### TASK STATEMENT
In the records below, begin at the line containing "Cartoon Caricature Wedding" and end at the line containing "Free spirit t"; quote every line in that span exactly, including both boundary lines, and no others.

### RECORDS FOR THE TASK
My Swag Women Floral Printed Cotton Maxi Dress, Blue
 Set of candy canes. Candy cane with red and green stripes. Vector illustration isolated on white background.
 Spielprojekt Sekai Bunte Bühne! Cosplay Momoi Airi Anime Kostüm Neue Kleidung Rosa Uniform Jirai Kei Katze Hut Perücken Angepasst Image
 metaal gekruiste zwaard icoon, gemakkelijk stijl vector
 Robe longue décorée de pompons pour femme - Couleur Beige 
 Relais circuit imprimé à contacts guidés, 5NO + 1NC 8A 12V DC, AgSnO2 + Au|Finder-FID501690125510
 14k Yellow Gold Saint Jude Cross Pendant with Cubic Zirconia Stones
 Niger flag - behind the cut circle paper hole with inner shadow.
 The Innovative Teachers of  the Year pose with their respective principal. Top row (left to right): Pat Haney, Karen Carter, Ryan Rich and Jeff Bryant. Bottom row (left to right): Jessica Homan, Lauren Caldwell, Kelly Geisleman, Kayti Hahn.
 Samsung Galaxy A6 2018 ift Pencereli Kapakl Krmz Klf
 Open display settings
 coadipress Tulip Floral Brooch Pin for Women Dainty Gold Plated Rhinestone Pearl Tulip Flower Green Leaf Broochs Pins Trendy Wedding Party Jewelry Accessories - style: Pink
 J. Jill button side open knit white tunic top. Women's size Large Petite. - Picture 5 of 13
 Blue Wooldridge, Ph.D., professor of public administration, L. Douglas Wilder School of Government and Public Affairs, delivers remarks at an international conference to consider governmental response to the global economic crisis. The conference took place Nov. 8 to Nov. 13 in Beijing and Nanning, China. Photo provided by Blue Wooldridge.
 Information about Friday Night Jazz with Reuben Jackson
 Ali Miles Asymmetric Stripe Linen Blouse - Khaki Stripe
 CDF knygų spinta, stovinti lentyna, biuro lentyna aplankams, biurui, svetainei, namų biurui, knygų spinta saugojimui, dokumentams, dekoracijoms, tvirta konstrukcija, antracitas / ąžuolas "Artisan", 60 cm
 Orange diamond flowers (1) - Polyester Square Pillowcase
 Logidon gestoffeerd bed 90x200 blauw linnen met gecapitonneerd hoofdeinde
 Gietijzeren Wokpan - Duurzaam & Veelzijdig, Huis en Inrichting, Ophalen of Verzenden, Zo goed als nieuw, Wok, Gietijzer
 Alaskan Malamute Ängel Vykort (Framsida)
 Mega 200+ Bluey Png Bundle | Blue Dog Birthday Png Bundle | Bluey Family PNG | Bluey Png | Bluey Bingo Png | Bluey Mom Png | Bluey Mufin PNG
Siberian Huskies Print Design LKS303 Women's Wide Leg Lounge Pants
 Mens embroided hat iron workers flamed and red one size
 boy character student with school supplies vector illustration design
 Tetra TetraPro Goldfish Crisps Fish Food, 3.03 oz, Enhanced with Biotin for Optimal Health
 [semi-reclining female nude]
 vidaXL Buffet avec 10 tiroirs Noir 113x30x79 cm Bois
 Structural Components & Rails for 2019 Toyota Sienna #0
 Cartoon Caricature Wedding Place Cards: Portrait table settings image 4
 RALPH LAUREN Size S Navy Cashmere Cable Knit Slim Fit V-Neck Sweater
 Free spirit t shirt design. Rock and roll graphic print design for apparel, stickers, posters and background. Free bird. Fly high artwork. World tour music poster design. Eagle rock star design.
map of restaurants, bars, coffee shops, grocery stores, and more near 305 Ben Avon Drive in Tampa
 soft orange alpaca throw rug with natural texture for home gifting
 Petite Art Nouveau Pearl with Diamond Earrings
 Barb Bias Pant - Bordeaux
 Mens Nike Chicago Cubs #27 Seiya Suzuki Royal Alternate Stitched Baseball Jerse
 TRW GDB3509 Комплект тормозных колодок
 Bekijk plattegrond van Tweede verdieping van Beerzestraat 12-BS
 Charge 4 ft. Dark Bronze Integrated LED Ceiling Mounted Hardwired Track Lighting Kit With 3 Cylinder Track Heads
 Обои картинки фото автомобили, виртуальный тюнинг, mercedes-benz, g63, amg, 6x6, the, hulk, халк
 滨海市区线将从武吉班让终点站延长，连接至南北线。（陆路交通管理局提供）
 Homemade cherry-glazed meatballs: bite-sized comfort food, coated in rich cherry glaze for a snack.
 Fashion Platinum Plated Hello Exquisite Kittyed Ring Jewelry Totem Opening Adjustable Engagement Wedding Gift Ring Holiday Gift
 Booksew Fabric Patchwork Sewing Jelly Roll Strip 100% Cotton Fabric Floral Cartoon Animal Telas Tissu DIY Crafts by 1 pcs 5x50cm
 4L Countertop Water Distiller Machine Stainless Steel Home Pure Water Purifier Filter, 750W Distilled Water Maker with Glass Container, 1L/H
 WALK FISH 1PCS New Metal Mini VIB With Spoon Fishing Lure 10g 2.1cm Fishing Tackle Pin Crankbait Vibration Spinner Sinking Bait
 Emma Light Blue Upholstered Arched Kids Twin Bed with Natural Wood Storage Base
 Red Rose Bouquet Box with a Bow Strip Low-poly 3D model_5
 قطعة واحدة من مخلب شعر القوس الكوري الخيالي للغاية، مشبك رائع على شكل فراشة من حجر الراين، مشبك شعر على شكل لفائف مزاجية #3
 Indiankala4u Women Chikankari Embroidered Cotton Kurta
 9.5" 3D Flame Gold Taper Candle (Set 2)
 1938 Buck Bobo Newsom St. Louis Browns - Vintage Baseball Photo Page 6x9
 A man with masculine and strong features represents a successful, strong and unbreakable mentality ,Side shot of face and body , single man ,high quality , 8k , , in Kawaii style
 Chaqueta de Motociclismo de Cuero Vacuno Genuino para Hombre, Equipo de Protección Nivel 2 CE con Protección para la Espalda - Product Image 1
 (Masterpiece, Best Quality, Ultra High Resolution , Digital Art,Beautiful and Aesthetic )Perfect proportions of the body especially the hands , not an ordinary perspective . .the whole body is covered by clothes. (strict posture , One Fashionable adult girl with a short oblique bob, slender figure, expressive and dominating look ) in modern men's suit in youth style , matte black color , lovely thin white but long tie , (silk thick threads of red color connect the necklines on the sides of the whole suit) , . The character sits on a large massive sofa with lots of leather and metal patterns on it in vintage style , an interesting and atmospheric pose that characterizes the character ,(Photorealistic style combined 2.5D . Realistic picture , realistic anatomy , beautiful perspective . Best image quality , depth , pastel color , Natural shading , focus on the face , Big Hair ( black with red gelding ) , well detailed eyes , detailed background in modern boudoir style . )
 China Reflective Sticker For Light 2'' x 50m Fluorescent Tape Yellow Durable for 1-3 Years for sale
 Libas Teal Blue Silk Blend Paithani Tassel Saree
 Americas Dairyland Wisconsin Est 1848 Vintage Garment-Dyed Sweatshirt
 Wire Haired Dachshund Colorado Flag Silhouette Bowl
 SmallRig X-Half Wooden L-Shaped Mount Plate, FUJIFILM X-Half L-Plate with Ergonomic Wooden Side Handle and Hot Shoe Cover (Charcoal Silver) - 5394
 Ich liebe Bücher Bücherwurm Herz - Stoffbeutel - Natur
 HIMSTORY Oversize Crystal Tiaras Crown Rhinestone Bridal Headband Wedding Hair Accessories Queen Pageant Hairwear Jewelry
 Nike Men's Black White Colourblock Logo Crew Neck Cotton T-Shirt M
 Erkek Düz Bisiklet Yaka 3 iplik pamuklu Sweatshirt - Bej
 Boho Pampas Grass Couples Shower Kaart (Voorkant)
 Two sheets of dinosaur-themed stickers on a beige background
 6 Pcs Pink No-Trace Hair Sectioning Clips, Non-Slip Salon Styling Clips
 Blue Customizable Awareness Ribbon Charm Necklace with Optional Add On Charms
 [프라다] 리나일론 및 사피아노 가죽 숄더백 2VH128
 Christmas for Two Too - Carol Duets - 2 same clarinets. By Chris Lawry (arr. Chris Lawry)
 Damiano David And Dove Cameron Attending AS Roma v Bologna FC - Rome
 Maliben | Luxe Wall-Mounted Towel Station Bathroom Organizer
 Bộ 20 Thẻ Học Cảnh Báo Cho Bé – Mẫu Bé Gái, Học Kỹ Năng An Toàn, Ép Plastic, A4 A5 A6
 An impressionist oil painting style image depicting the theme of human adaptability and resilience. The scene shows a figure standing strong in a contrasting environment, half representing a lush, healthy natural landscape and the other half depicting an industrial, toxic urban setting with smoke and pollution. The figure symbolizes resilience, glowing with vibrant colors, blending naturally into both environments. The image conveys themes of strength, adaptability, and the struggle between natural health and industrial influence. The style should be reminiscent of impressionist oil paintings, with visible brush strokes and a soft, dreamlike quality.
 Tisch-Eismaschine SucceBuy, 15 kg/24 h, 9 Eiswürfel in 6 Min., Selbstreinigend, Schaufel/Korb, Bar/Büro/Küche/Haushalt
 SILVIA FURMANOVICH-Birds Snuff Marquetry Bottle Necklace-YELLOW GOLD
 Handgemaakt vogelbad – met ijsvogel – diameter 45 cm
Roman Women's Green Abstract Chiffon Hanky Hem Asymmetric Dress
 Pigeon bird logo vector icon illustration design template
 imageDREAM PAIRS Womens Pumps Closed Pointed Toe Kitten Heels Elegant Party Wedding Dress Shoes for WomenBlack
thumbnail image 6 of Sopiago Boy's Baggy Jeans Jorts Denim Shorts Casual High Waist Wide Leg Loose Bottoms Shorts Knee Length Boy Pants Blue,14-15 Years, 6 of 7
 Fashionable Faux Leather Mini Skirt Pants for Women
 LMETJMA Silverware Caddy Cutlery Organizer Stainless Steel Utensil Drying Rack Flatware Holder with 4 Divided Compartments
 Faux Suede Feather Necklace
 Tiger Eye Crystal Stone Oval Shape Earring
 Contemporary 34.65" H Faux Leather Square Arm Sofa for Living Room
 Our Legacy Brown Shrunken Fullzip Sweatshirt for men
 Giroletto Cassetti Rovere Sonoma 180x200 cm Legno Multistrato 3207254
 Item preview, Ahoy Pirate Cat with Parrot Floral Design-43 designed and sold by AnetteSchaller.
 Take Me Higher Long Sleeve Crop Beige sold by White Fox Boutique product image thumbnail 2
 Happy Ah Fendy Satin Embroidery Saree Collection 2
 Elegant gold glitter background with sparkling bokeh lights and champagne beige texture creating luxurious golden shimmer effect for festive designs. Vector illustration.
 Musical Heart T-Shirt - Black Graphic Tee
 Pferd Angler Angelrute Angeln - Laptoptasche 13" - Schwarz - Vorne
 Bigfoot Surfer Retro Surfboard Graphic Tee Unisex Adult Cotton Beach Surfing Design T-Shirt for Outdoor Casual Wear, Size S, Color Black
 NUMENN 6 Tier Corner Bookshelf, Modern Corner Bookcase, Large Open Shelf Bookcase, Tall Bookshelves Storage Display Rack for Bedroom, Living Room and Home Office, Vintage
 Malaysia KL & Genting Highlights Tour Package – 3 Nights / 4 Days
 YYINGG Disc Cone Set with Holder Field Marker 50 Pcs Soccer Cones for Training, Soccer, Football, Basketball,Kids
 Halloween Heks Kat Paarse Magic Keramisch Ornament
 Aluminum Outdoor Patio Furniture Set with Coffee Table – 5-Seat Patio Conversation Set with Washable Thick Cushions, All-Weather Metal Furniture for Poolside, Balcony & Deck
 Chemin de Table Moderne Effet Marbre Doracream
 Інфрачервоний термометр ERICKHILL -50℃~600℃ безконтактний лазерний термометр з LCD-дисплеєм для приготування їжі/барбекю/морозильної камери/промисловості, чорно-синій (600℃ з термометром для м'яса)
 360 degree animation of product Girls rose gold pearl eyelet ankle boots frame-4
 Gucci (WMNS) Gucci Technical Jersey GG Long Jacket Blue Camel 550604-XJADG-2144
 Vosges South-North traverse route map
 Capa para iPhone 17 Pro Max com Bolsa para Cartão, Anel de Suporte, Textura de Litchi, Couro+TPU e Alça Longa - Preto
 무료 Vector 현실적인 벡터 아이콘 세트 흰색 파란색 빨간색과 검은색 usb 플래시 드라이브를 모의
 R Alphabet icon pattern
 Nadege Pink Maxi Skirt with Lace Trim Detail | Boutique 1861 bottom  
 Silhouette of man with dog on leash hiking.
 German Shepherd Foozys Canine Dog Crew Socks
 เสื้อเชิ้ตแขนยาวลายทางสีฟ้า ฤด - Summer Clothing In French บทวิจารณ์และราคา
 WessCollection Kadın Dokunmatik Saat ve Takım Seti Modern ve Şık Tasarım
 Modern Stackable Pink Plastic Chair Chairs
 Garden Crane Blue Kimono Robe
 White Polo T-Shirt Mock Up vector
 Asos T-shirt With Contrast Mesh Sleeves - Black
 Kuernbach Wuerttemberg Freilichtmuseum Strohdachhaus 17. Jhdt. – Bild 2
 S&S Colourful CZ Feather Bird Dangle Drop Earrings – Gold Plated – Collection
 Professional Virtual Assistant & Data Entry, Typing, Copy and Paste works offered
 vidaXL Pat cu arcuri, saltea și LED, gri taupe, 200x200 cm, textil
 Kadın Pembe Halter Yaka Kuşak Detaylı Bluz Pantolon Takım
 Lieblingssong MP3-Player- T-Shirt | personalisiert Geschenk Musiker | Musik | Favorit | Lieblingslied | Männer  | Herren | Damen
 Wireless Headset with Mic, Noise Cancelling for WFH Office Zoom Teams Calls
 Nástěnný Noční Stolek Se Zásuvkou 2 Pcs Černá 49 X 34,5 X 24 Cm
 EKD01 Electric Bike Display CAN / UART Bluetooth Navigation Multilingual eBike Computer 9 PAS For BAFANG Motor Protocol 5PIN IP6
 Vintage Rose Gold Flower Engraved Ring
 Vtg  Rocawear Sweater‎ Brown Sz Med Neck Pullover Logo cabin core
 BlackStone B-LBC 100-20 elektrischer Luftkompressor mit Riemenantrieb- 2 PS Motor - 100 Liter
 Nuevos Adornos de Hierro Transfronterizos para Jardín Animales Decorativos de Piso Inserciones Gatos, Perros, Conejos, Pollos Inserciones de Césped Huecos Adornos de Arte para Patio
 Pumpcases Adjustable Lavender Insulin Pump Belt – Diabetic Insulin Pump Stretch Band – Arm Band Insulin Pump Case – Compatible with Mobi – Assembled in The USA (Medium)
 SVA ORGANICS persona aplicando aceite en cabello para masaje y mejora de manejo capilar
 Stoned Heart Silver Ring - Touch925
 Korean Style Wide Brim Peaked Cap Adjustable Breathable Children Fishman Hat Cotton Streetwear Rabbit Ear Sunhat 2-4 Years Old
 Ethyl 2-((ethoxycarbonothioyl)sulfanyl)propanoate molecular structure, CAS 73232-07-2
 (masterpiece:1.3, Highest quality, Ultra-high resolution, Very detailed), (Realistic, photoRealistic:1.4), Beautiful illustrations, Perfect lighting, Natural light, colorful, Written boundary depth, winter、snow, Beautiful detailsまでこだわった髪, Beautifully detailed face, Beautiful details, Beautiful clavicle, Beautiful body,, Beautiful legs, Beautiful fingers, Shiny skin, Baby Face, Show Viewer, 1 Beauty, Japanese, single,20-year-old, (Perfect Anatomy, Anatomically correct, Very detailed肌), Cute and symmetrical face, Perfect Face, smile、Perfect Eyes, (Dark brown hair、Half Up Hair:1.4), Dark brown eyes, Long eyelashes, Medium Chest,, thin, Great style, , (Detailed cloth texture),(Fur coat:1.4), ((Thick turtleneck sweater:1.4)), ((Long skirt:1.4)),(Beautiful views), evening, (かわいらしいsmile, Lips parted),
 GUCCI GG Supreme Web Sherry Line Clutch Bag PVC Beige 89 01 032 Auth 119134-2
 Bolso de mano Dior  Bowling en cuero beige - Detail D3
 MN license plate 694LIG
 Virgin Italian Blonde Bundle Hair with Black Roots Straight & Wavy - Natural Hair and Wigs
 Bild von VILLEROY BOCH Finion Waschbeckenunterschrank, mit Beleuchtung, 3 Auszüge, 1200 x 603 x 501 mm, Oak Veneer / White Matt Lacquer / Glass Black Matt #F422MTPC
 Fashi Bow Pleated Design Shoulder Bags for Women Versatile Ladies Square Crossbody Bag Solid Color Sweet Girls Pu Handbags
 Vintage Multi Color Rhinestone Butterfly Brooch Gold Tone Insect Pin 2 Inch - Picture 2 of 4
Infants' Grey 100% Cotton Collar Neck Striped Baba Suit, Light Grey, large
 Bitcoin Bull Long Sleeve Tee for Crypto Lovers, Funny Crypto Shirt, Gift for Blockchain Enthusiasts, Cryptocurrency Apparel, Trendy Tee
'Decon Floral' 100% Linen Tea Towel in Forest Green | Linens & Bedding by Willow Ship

### PROBLEM SOLUTION
 Cartoon Caricature Wedding Place Cards: Portrait table settings image 4
 RALPH LAUREN Size S Navy Cashmere Cable Knit Slim Fit V-Neck Sweater
 Free spirit t shirt design. Rock and roll graphic print design for apparel, stickers, posters and background. Free bird. Fly high artwork. World tour music poster design. Eagle rock star design.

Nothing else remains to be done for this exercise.